Using the records below, return exactly the lines from the one containing "Caudalie Vinoperfect Crème Nuit Glycolique Anti-taches Caudalie" through the last, and omit pictures.

══════════════════════════════

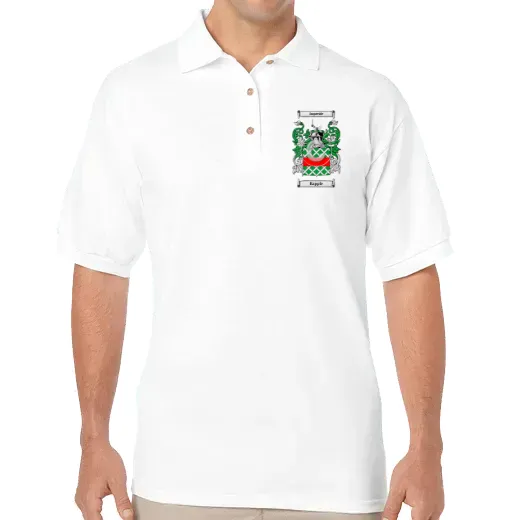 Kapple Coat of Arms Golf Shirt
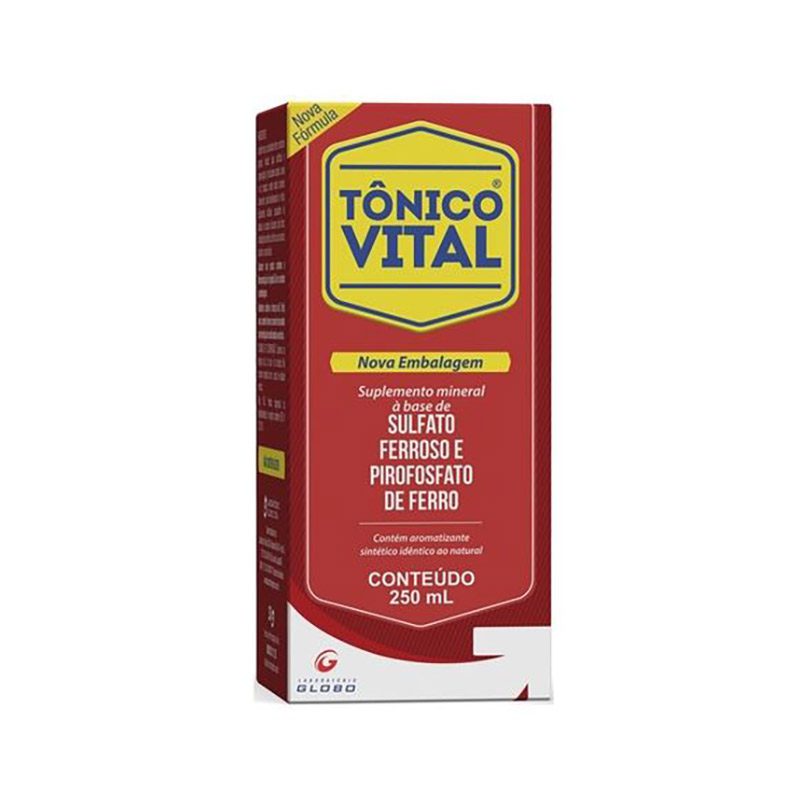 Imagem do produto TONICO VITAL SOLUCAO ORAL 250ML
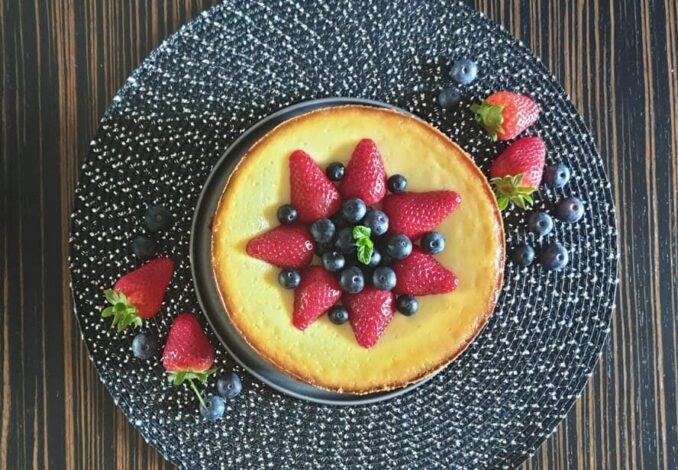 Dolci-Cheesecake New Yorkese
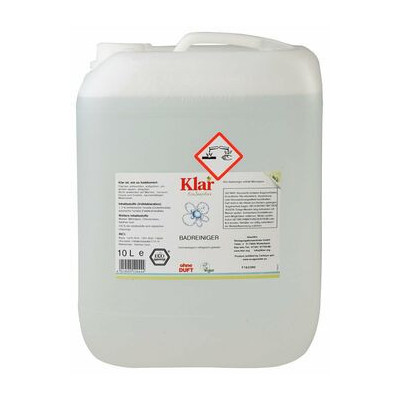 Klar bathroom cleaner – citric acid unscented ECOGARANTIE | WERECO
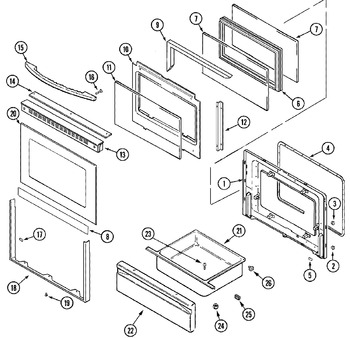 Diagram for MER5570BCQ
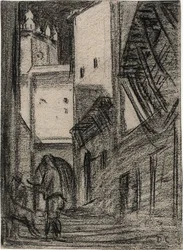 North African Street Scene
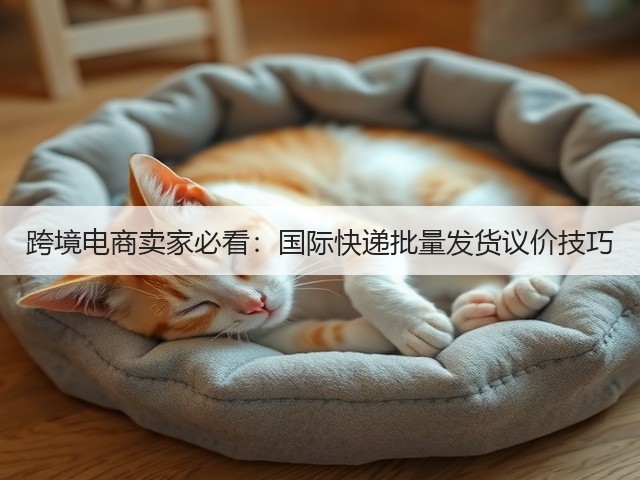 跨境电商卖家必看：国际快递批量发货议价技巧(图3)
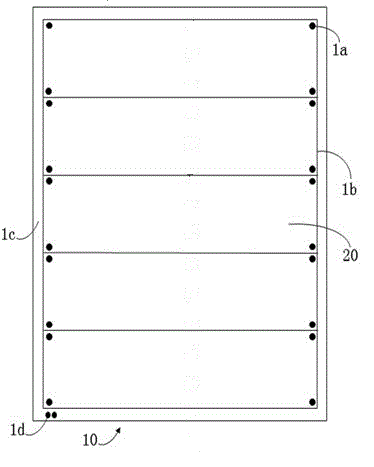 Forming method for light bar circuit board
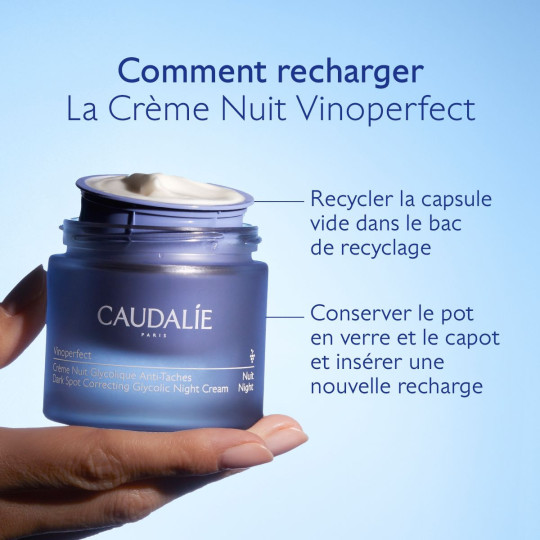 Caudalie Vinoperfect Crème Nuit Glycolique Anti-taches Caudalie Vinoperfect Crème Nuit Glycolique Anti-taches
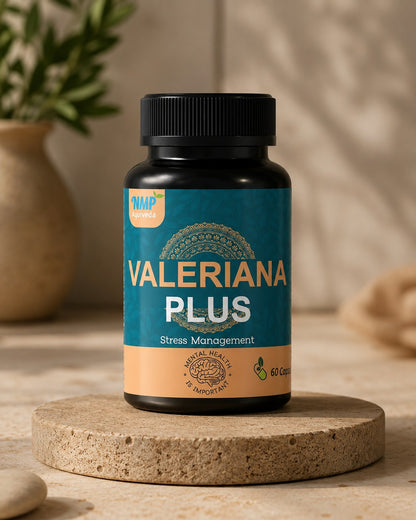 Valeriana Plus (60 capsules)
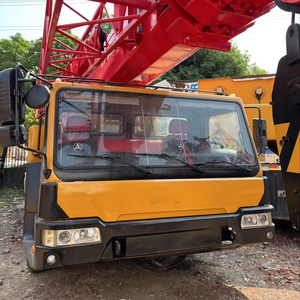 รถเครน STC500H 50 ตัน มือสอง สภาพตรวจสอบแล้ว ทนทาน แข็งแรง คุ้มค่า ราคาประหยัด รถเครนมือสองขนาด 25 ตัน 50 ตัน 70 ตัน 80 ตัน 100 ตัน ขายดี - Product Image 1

══════════════════════════════

_SOLUTION FOR THIS EXERCISE:_
 Caudalie Vinoperfect Crème Nuit Glycolique Anti-taches Caudalie Vinoperfect Crème Nuit Glycolique Anti-taches
 Valeriana Plus (60 capsules)
 รถเครน STC500H 50 ตัน มือสอง สภาพตรวจสอบแล้ว ทนทาน แข็งแรง คุ้มค่า ราคาประหยัด รถเครนมือสองขนาด 25 ตัน 50 ตัน 70 ตัน 80 ตัน 100 ตัน ขายดี - Product Image 1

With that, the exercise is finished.